Used Trimmomatic to remove adaptor content and filter out low quality reads...

$ java -jar trimmomatic-0.38.jar PE -phred33 FJ1_R1.fastq.gz FJ1_R2.fastq.gz FJ1_for_paired.fq.gz FJ1_for_unpaired.fq.gz FJ1_rev_paired.fq.gz FJ1_rev_unpaired.fq.gz ILLUMINACLIP:TruSeq3-PE-2.fa:2:30:10 LEADING:20 TRAILING:20 SLIDINGWINDOW:4:20 MINLEN:100

The paired forward and reverse reads were imported into qiime2 (qiime2-2018.4)

$ qiime tools import --type 'SampleData[PairedEndSequencesWithQuality]' --input-path jar_manifest.csv --output-path raw_imports/jar-raw.qza --source-format PairedEndFastqManifestPhred33

Quality visualization of the imported raw reads with qiime tools...

Further, DADA2 was used for denoising with two different truncation values...

trunc-len-f 200 and trunc-len-r 175

$ qiime dada2 denoise-paired --i-demultiplexed-seqs jar-raw.qza --p-trunc-len-f 200 --p-trunc-len-r 175 --p-chimera-method pooled --p-n-threads 8 --o-representative-sequences denoise/jar_rep-seqs.qza --o-table denoise/jar_table.qza --o-denoising-stats denoise/jar_stats.qza --verbose

Output is jar_table.qzv (366.8 KB)
Total features: 1342
Total frequency: 831,346

No truncation, as the quality was comparatively better:

$ qiime dada2 denoise-paired --i-demultiplexed-seqs jar-raw.qza --p-trunc-len-f 0 --p-trunc-len-r 0 --p-chimera-method pooled --p-n-threads 8 --o-representative-sequences denoise/jar-untr_rep-seqs.qza --o-table denoise/jar-untr_table.qza --o-denoising-stats denoise/jar-untr_stats.qza --verbose

Output is jar-untr_table.qzv (339.3 KB)
Total features: 699
Total frequencies: 2,428,146

I understood from this topic that the changes in total features and frequencies are based on the probability of finding the error-free reads...

Now my questions are...

Is the workflow correct? Using trimmomatic prior to denoising?
Does the MINLEN parameter of Trimmomatic effect the total output of the reads?
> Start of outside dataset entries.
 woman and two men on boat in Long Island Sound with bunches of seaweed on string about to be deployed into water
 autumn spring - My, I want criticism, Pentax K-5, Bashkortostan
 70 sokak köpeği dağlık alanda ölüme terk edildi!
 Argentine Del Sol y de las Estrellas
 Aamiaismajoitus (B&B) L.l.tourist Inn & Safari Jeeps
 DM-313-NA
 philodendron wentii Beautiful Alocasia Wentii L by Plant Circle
Do I need to increase it to ~175 (end of good quality in reverse reads)?
DADA2: As it is clear that truncation is required, are the values used for truncation appropriate?
Do I still need to truncate the reverse reads? (I can run it and check, but, with the computational resources availble here, it is taking a minimum of 72 hrs to complete the denoising for this dataset)
Whether I need to trim the 5` end of the reverse reads?

Thank you for your time...

With Regards
Anwesh

thermokarst · June 4, 2018, 10:42pm

Hi @anwesh!

I know you mentioned computational resources are limited, but maybe it is worth processing a subset of your samples with and without this trimmomatic step so that you can compare the results.
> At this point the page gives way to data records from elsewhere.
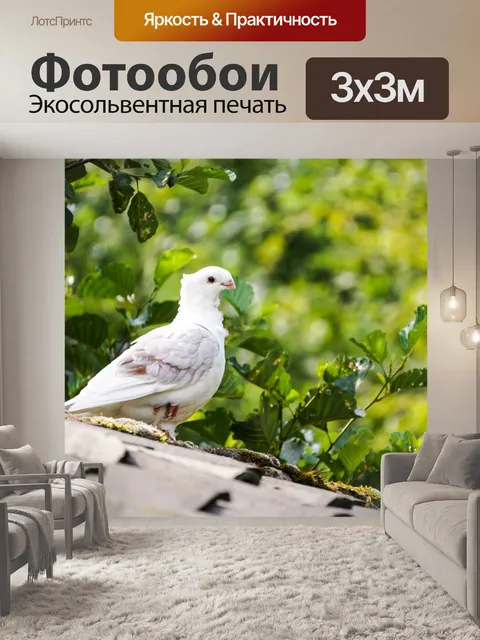 Фотообои Крыша
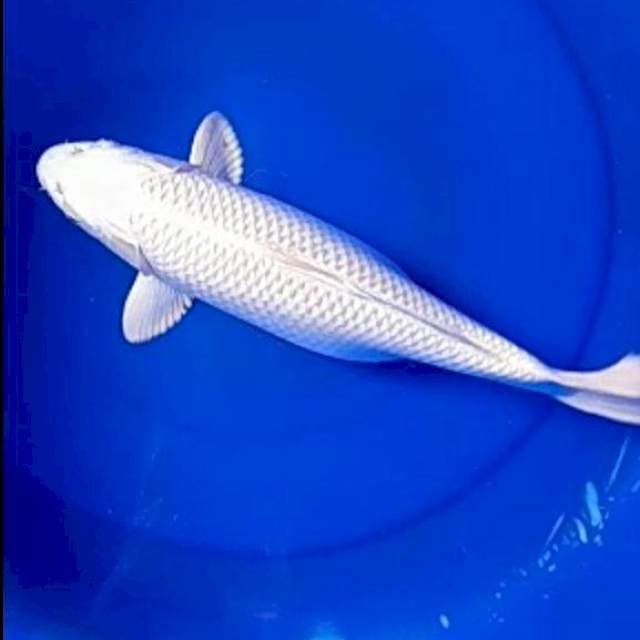 White platinum
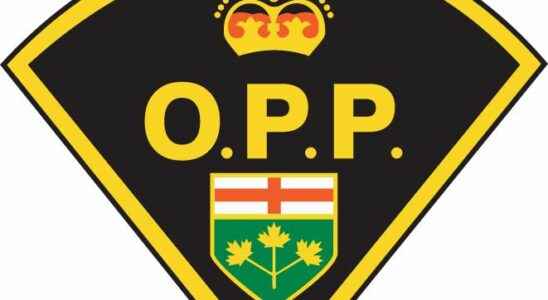 Gun toting man arrested on Simcoe trail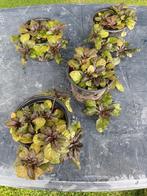 Ajuga Atropurpurea, Ophalen, Halfschaduw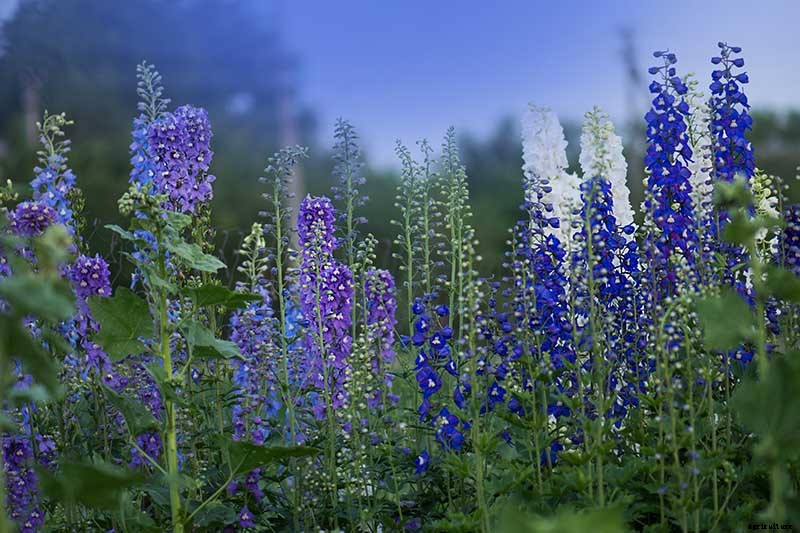19 Dazzling Delphiniums for Your Flower Beds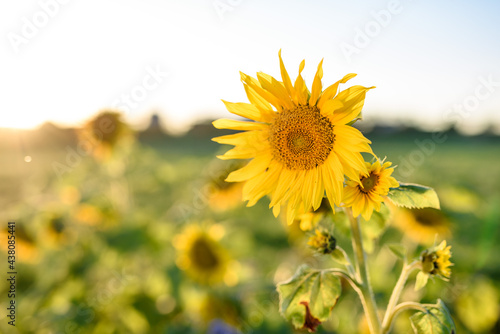 Die Sonne in der Blume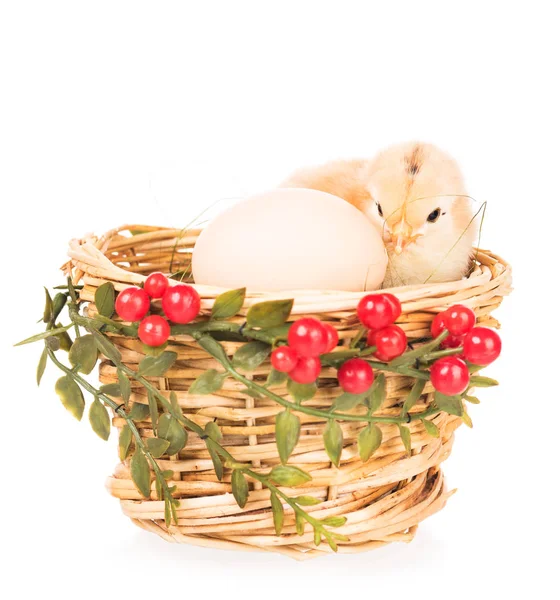 Cute newborn chicken — Stock Photo, Image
I don't know, we don't develop trimmomatic, but I suspect that this parameter does impact the final number of reads.

They look reasonable to me, but again, maybe it is worth testing out a few sets of values on a subset of samples and comparing the results.

It looks like you truncated your reverse reads in example 1 above.
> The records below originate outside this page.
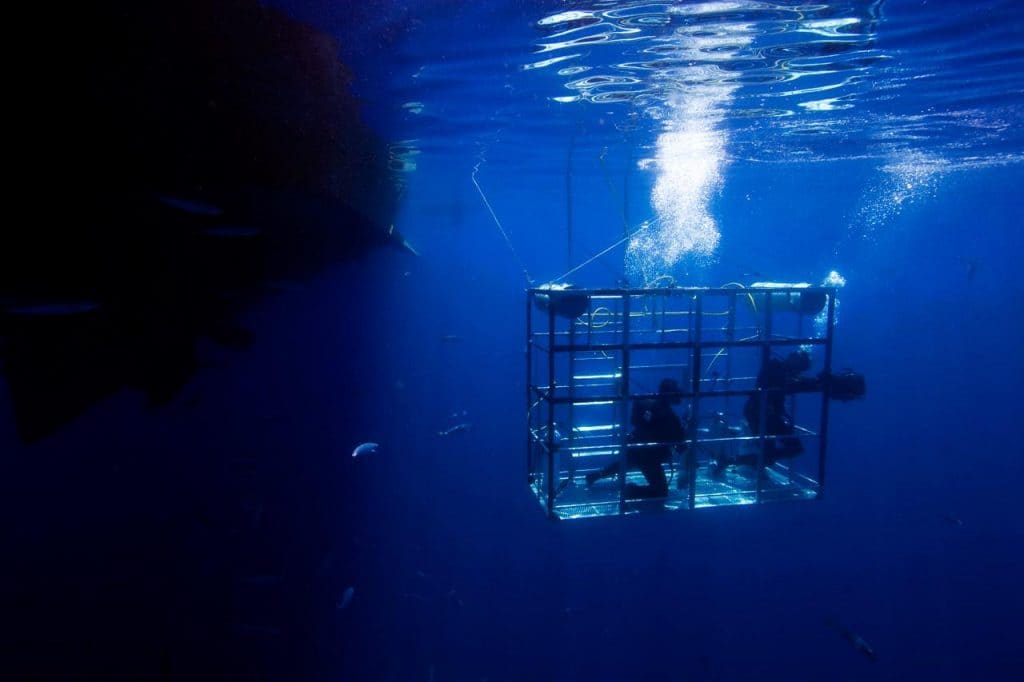 shark cage diving udnerwater 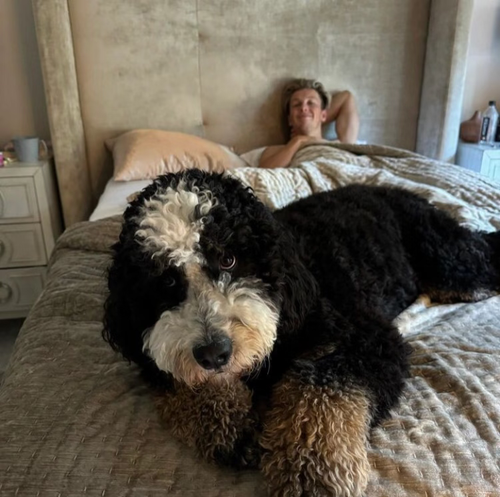 IMG 20251222 164945.png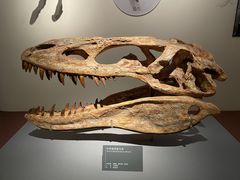 -自贡恐龙博物馆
Maybe! Again, I would recommend testing this out on a subset of your samples to get an understanding for how these parameters will impact your downstream results.

Hope that helps! :qiime2:

system · July 7, 2018, 11:41am

This topic was automatically closed 31 days after the last reply. New replies are no longer allowed.